Exclusive: Deepika Padukone offers first look at Nike’s Team India jerseys
Four years ago, in April 2011, Deepika Padukone was in London on a film shoot as the ICC Cricket World Cup final played on at the Wankhede Stadium in Mumbai. The director gave the crew the day off so they could catch the match on TV–which they did on a giant screen at an Indian restaurant nearby. India secured a very cool six-wicket win over Sri Lanka, and there was some bubbly to celebrate. But the fact that she had to watch it from another continent and later look at visuals of people celebrating on Marine Drive elicited one little reaction from Padukone—”Tch. Damn!”
This time though, as she launches Team India’s World Cup jerseys as the face of Nike’s Bleed Blue campaign, shot by photographer Bharat Sikka, Padukone wears her love of sport on her sleeve.

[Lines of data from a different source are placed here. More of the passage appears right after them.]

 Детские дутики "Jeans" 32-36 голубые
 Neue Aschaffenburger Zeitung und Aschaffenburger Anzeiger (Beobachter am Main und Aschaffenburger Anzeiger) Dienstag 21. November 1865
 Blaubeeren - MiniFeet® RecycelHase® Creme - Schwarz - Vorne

How would you define your ties with cricket?
Whether you like it or not, cricket is a religion in our country and it’s the one thing that brings people across the world together, as one unit. Of course, as an athlete I would like other sports to come up as well, but you can’t take away from the fact that cricket is the most popular sport in the world. Cricket was one of the first sports that I followed beyond badminton. And I have an association with the sport from the time I supported the Bangalore IPL team. That’s when I started understanding the game.

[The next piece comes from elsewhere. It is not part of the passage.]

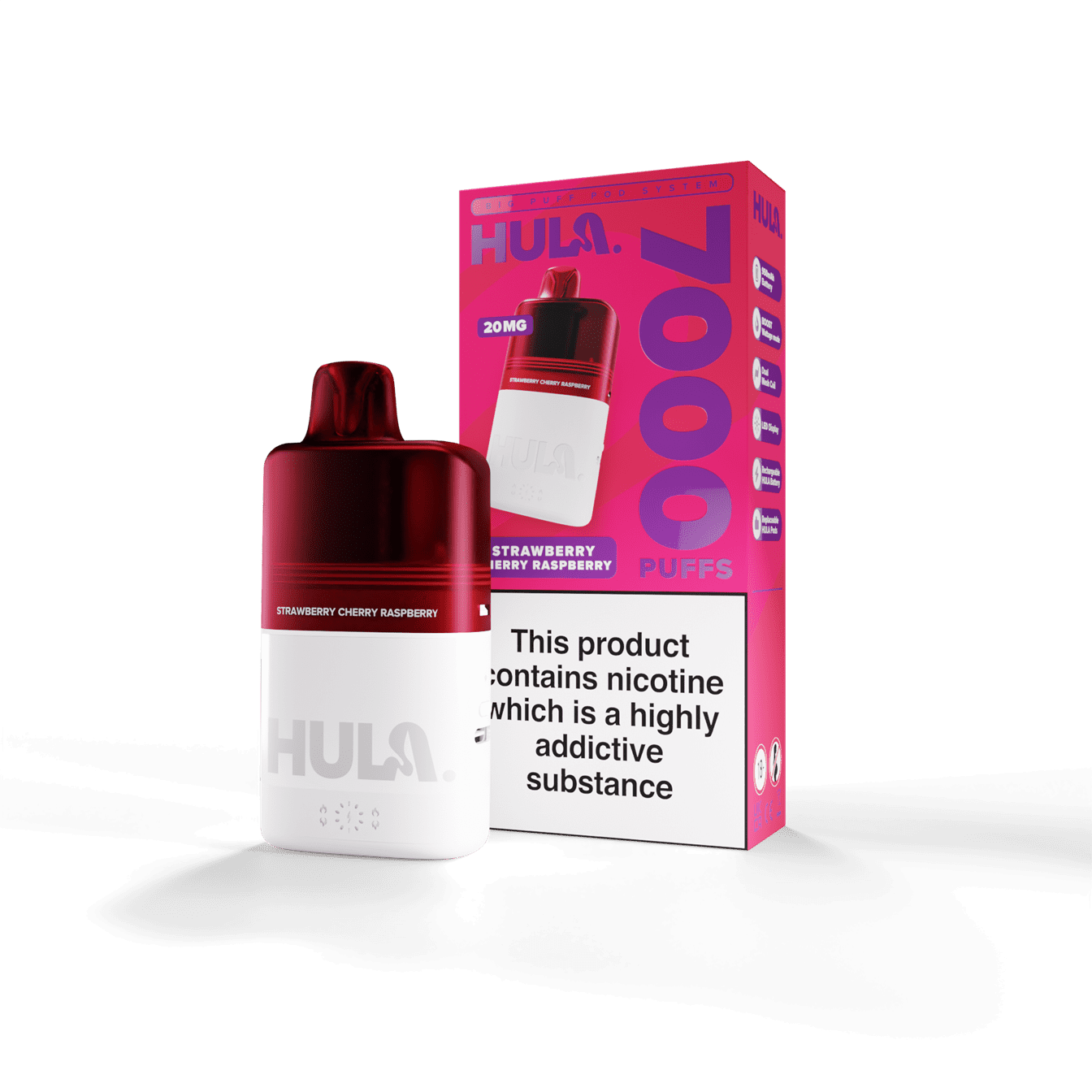 Hula 7000 Pre-Filled Pod Kit - 20mg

Nowhere do bouquets and brickbats rain as freely as on the heads of our beloved Men in Blue. As a former athlete who knows the value of support and understands the perils of pressure, what’s your advice to fans?
Being an athlete I would say that one thing that we, as supporters, do is expect. There’s too much expectation. Of course, from our side it’s coming from a very, very good place, but we need to find that balance between encouragement and expectation. I think a sportsman’s life, or even a cricket match, is like a film–we’re going out on the field, and we’re going there to win. They want to win as much as we want them to win. But why is it that when they play badly, we bash them? We don’t need to do that. At the end of the day we know for a fact that they want it (victory) more. They know what they’re doing, so let’s not criticise.

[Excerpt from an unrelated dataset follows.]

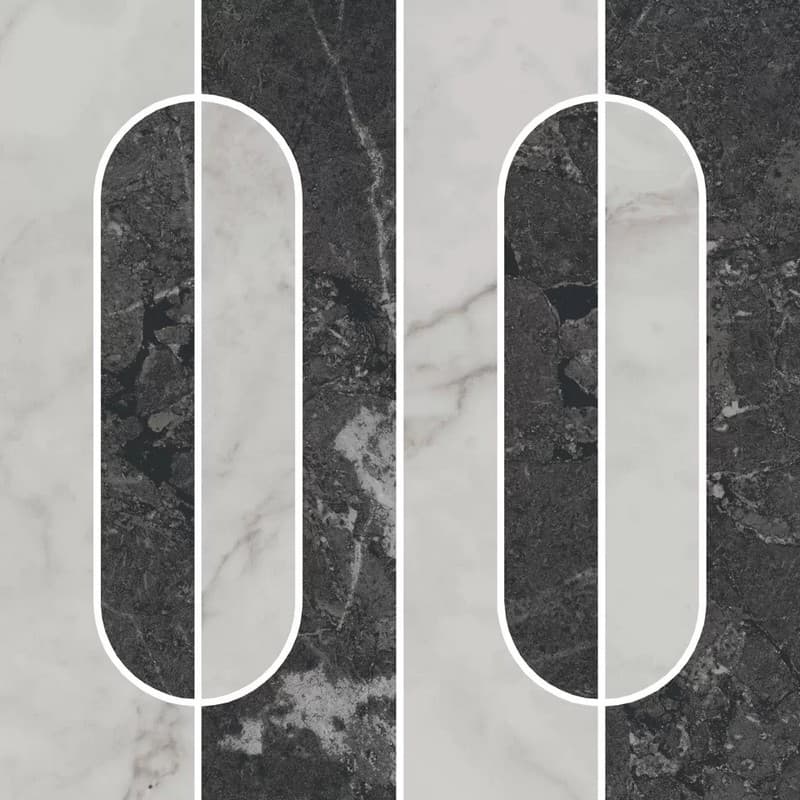 KMD2HID013GR Тубкаль наборный матовый обрезной 30x30x0,9 декор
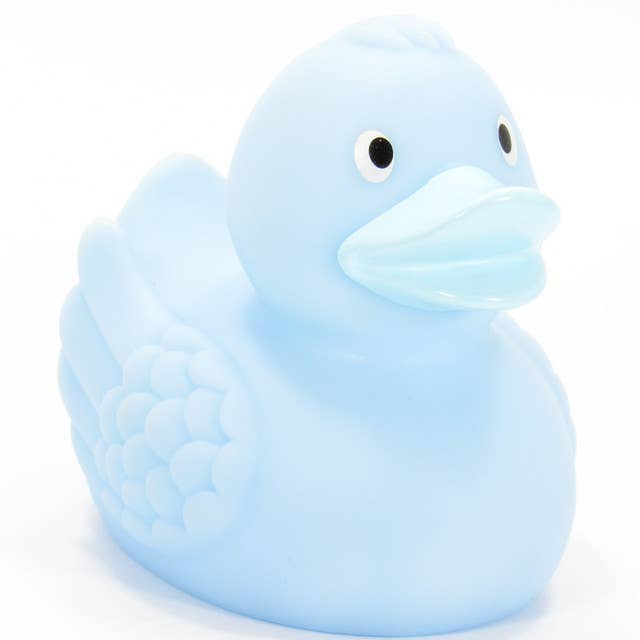 Blue Pastel Rubber Duck for wholesale by Ducks in the Window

How do you look like you’re on the court making shuttles fly five hours a day?
Very recently someone told me, “It’s not fair that you walk around everyday with a set of abs.” It comes from the fact that my entire childhood has been about fitnes–waking up at 4.30-5 in the morning, going for my physical training, which lasted a good two or two and a half hours, then going to school and coming back, then my second session of on-court play, followed by cooling down and stretching. I did that till I was 18. So fitness is a really important part of my life, it’s the only way of being for me. Today, for me, it’s more about maintenance. Thankfully I have a good metabolism and don’t have to restrict myself from a lot of things. This athletic body comes from being an athlete.
How is it working with Bharat Sikka on the Nike campaign?
Bharat is someone I started working with very early on in my career, and we’ve been working with each other on and off ever since. Now I know he’s become even more selective than he was before, so I’m really happy Nike managed to bring him onboard. He’s driven, inspired and emotionally involved–so, he gets the best of everything together.